What you have to do
Search the entries for the word "kitchen". Copy every line that holds it.

(Caption-style text data)
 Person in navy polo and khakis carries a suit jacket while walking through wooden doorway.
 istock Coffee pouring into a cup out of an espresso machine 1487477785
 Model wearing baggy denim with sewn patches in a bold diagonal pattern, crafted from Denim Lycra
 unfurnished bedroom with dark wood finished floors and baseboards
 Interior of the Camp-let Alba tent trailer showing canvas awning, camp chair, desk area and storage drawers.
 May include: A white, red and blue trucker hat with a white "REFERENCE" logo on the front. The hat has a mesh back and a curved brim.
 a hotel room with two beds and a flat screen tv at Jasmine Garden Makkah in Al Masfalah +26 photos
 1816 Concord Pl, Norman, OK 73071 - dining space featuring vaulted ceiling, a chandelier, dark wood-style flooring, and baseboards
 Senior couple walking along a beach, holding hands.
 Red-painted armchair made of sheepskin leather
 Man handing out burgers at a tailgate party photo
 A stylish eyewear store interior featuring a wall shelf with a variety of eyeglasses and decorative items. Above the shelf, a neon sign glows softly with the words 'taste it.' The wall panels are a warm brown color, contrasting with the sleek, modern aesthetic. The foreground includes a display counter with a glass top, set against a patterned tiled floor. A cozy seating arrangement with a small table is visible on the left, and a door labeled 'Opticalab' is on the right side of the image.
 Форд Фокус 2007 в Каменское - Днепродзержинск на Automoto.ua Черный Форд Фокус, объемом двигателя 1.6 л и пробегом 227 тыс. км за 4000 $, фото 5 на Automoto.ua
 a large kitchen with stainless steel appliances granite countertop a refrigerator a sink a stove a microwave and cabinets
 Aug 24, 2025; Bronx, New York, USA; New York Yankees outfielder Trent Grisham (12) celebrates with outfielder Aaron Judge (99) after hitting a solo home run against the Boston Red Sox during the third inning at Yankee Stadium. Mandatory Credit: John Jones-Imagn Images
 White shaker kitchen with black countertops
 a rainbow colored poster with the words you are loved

Exercise output
 a large kitchen with stainless steel appliances granite countertop a refrigerator a sink a stove a microwave and cabinets
 White shaker kitchen with black countertops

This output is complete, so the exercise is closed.